I’m on a bit of a sprint to watch at least the core of Torchood so I can properly analyze Torchwood: Miracle Day when it premieres in July. Two things that are striking me about the show so far, other than the whole pansexual space pirate thing, which is the most obvious vector for analysis. First, both the Doctor Who and Torchwood universes do really nice work when they tell stories about fans. And second, Torchwood feels, at least in the early going, a little institutionally unmoored.
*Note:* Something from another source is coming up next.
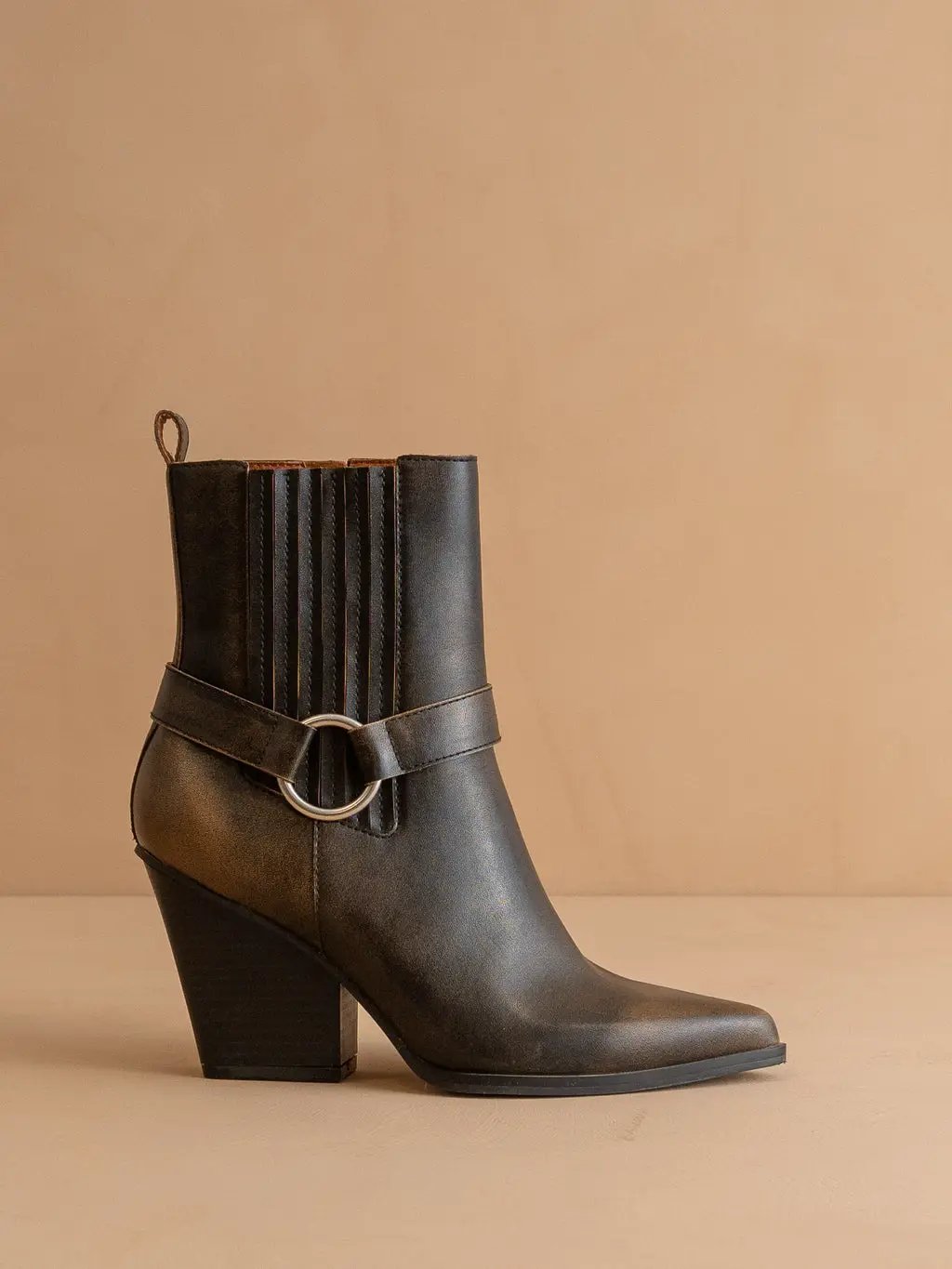 Oasis Society The Carson Moto Bootie - Boots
I’m not entirely caught up with the rebooted Doctor Who yet, but one of the episodes I’ve watched that touched me most was “Love & Monsters,” which is essentially about a fan-and-mild-conspiracies club of people who believe the Doctor exists, and what happens first when that belief becomes secondary to the members’ friendships, and then when they actually, desperately need him to be real. There is a monster, to be sure, but he’s not really the point. The episode’s a fairly tender story about how wonderful it is to discover you’re not alone in your interests and your passions, and how those interests can be a critically important icebreaker, particularly if you’re not great at the work of conventional socializing. In the first season of Torchwood, “Random Shoes” does takes a different approach to a similar theme. A young man who’s seen his early promise slip away, and who clings to an interest in and belief in aliens as the last thing that makes him special, finds that after his death, that love makes it possible for him to undertake one last heroic act. Obviously it makes sense for shows like these to write Valentines to their fans, but they’re a nice acknowledgement of the fact that it’s increasingly easy to have fandom as an organizing principal for your life, and as a result, it’s (at least anecdotally) increasingly common and increasingly important way to arrange your social life.

On a less positive note, though, one of the things I like least about Torchwood so far is the extent to which the organization is isolated. Obviously, Torchwood Three has some kind of relationship with the Cardiff police, which gets vexed with their supernatural counterparts. And there were multiple branches of Torchwood. But we don’t get a sense of any institutional tension between Torchwood and more conventional law enforcement: the team tends to be able to just waltz into crime scenes, and to turn human offenders like the murders in “Countrycide” over to the cops without any real need to conceal their existence. The relationship’s an irritant than a real constraint on Torchwood’s operations.

Similarly, the fact that Torchwood Three appears to be the only functional branch of the institute isn’t actually a good thing for the show. We don’t get a training montage that really introduced Gwen to Torchwood’s practices and traditions, which would be both a fun thing to do, a great way to introduce viewers to the world the creators are building, and a good way to establish the constraints Torchwood agents work under. Without constraints, it’s hard to know what it means to be a Torchwood agent. As is, they’re basically private dicks who know that aliens are out there. My understanding is that we get more context later for why Torchwood Three is what’s left. But even if, and especially if, they’re what remains of a tradition, that should be an interesting burden to carry out, a legacy to carry on, something that should be part of Gwen’s experience and ours.